How to Optimize query of substring searching in Postgres?


I have 2 tables both as the same form

table A : content | text

table B : SubContent | text

Table B containing substring Of Texts in Table A

for exampale:

Table a :

  • zupta . . for making south africa worse than ever .
  • zur eda terkenang arwah ibu . . eda terkenang arwah ibu . .

Table B :

  • making south africa
  • terkenang arwah ibu

what i want to achive is :

making south africa | zupta . . for **making south africa** worse than ever.
terkenang arwah ibu | zur eda **terkenang arwah ibu** . . eda terkenang arwah ibu . .

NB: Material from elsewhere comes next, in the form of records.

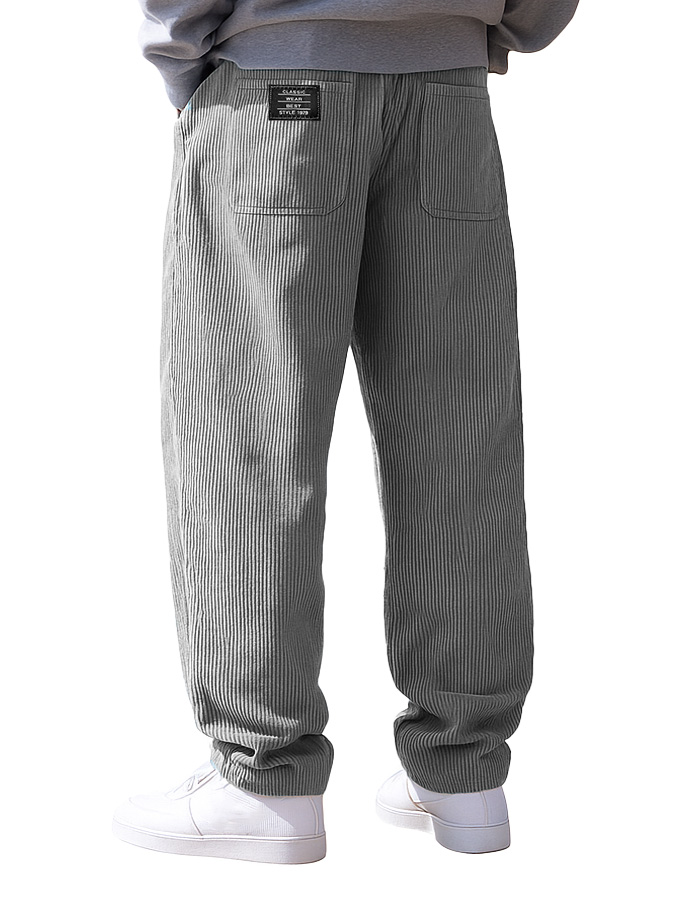 Men's Stylish Everyday Corduroy Fabric Pocket Loose Drawstring Elastic Waist Embroidered Logo Trousers
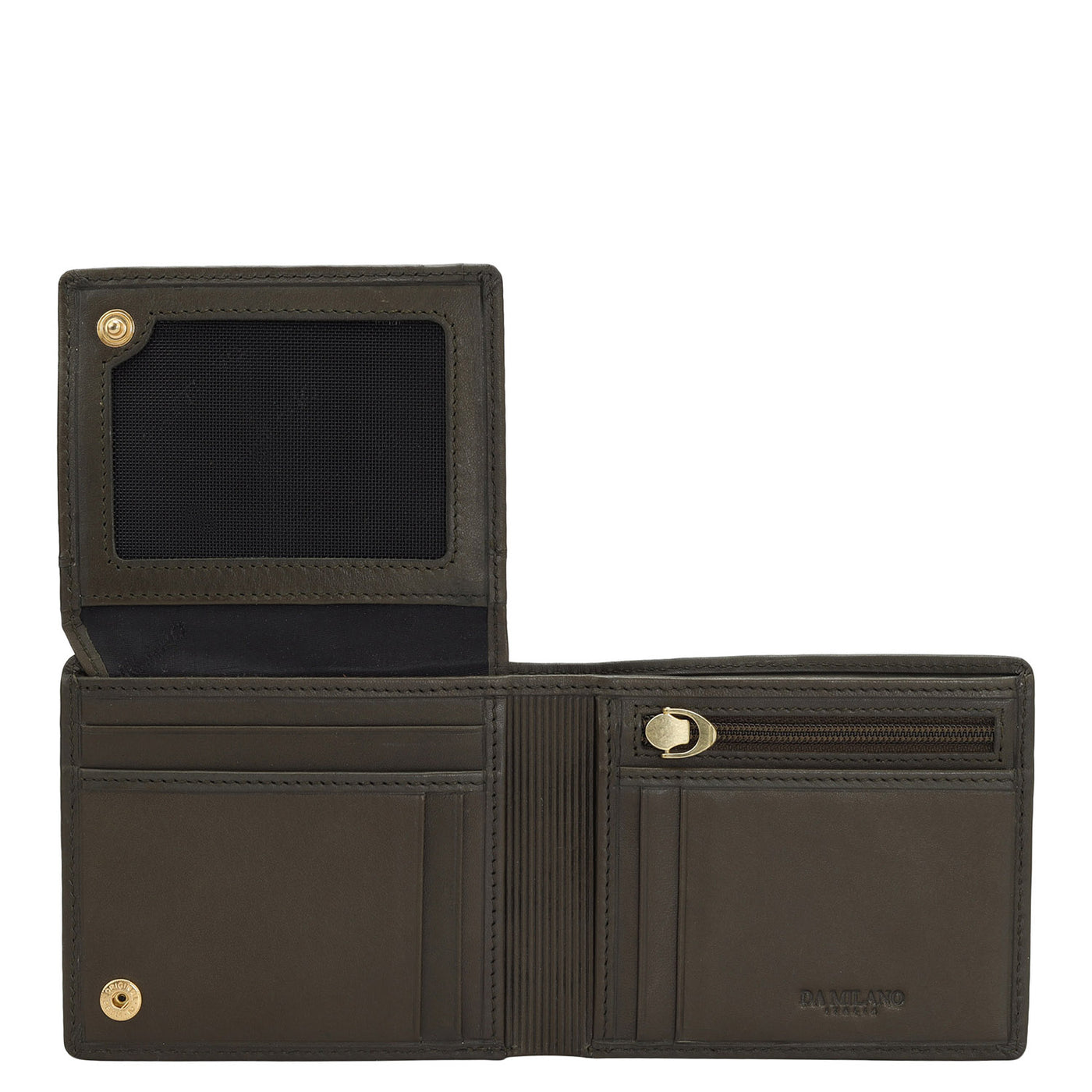 Calf Leather Mens Wallet - Olive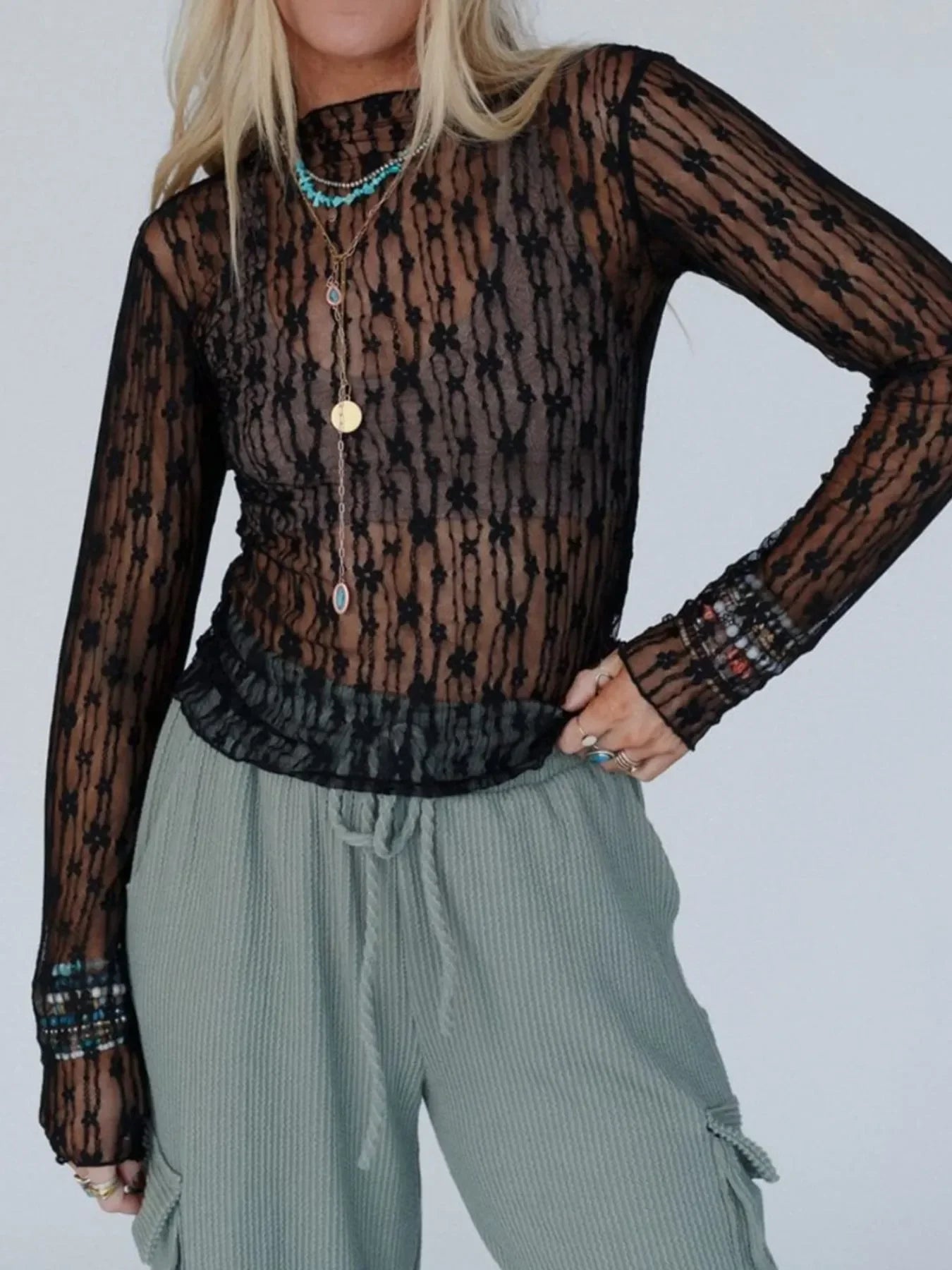 Lace See Through Long Sleeve Blouse With Sheer Detailing - Southern Shores Clothing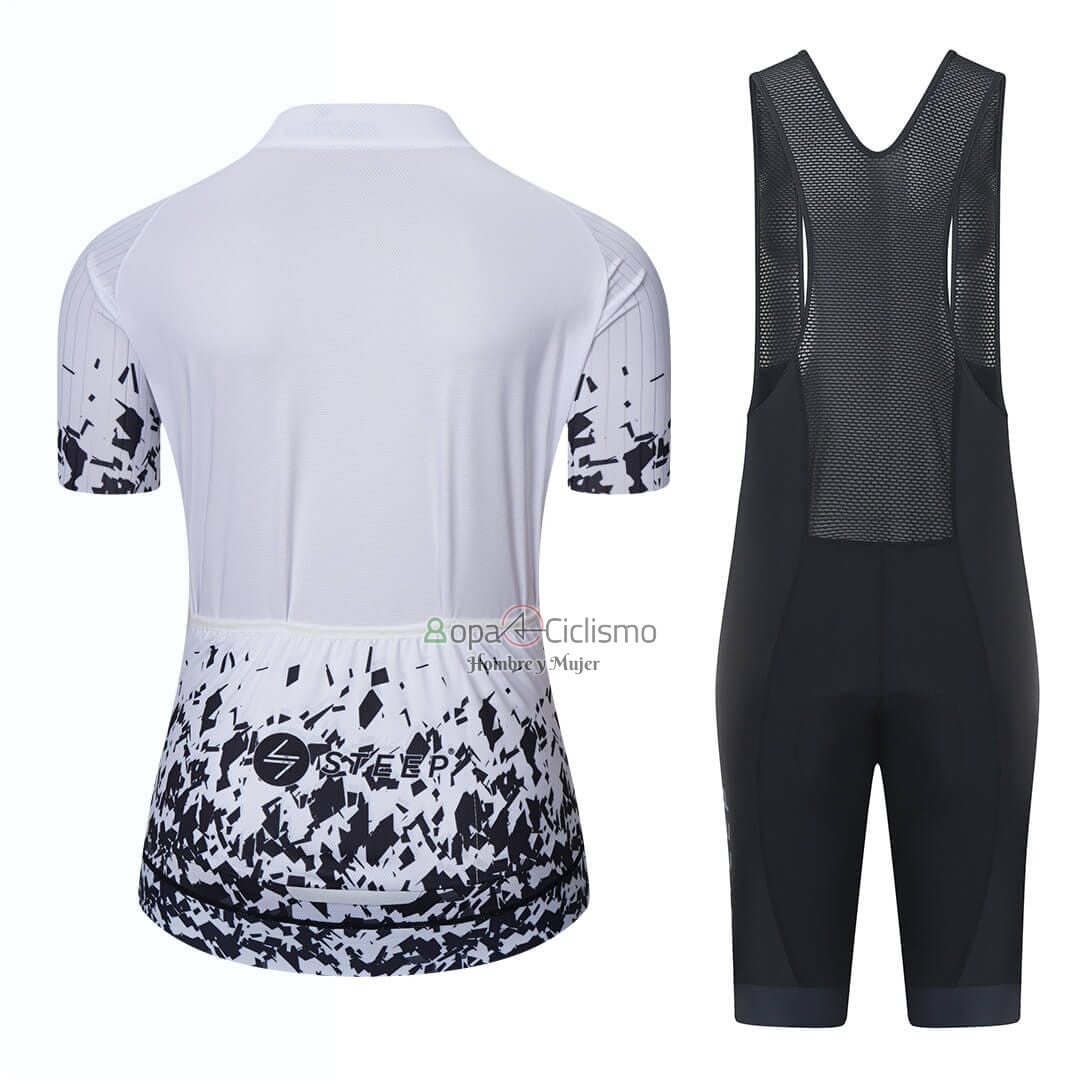 Steep Ropa Ciclismo Culotte Corto 2023 Mujer Mangas Cortas Negro Blanco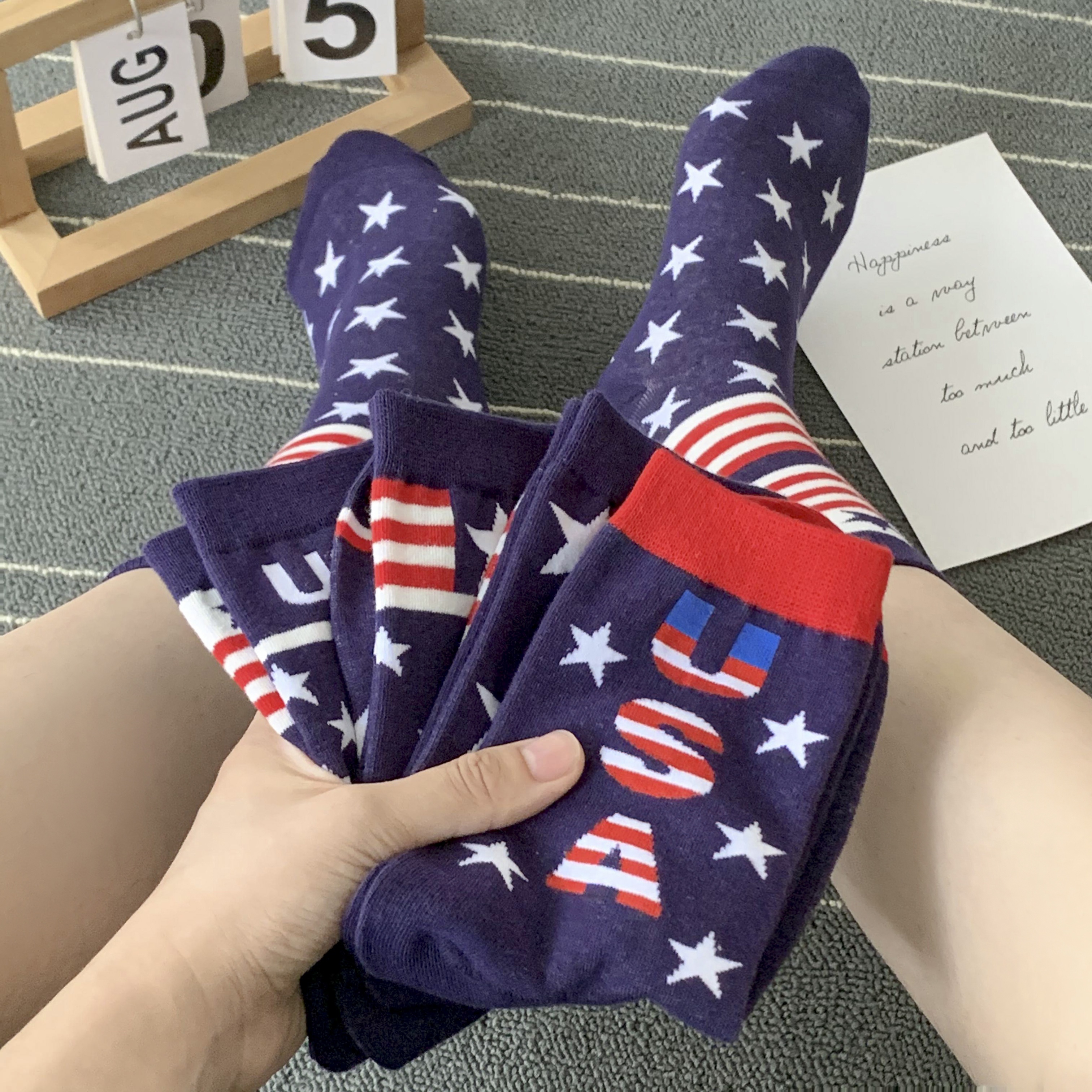

5 Pairs Novelty National Flag Socks, Trendy Independence Day Unisex Mid Tube Socks, Women's Stockings & Hosiery Autumn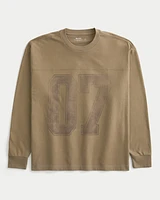 Baggy Heavyweight Long-Sleeve Number Graphic Tee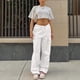 thumbnail image 4 of Pantalones cargo rectos con cordón para mujer talla grande: pierna ancha, holgados e informales, poliéster, transpirables, adecuados para otoño/uso diario, varias tallas, 4 of 8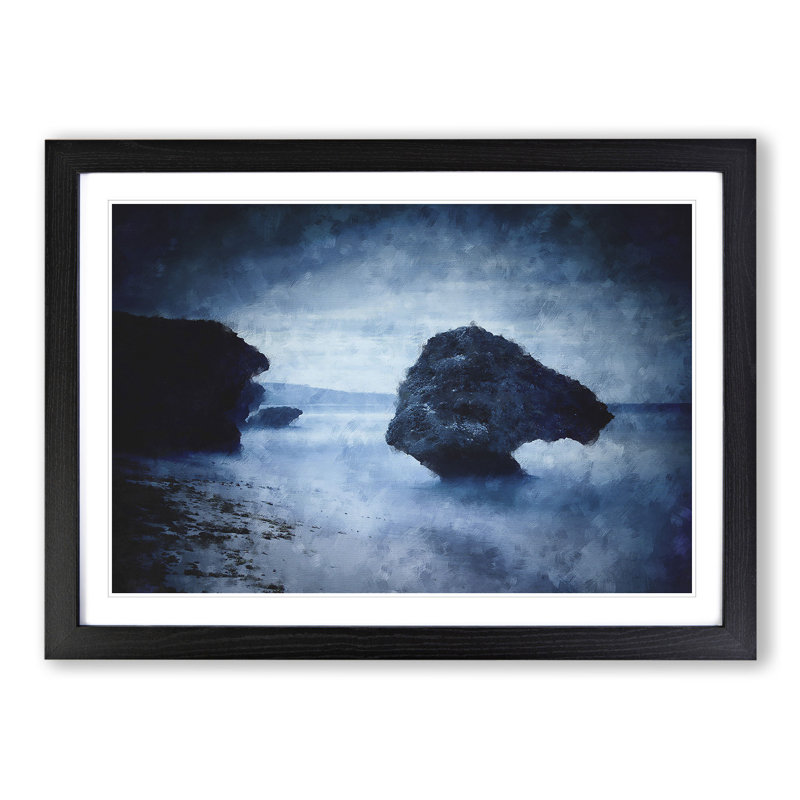 Barbados Beach - Picture Frame Painting, Black Framed, 27cm H x 36cm W x 2cm D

the query I used is very simple

select subcontent, content from A join B on  content SIMILAR TO '%'||subcontent||'%'

the query explain :

Gather  (cost=1000.00..6611032.19 rows=1678309 width=180)
  Workers Planned: 2
  ->  Nested Loop  (cost=0.00..6442201.29 rows=699295 width=180)
"        Join Filter: (A.content ~ similar_escape((('%'::text || B.subcontent) || '%'::text), NULL::text))"
        ->  Parallel Seq Scan on A  (cost=0.00..8675.79 rows=186479 width=91)
        ->  Seq Scan on B  (cost=0.00..19.50 rows=750 width=89)

i try use Large Text Indexes follow by this blog (Andrew Kane done a great job! )

https://medium.com/@ankane/large-text-indexes-in-postgres-5d7f1677f89f

i try to add an index on both of the columns that didn't help the execution takes 40 minutes, any ideas?

explain after using Laurenz Albe answer

Nested Loop  (cost=27.79..100352.93 rows=1678309 width=180)
  ->  Seq Scan on q2_distinct  (cost=0.00..19.50 rows=750 width=89)
  ->  Bitmap Heap Scan on clean_distinct  (cost=27.79..111.40 rows=2238 width=91)
"        Recheck Cond: (A.content ~ similar_escape((('%'::text || q2_distinct.part) || '%'::text), NULL::text))"
        ->  Bitmap Index Scan on "clean_distinct_Post content_idx"  (cost=0.00..27.23 rows=2238 width=0)
"              Index Cond: (A.content ~ similar_escape((('%'::text || B.content) || '%'::text), NULL::text))"

Solution

  • Any join that does not have a join condition with an equality operator (=) can only use a nested loop join.

    The only index that can potentially help here is a trigram index on A:

    CREATE EXTENSION pg_trgm;
    CREATE INDEX ON "A" USING gin (content gin_trgm_ops);
    

    But you shouldn't expect to get good execution times with a query like that.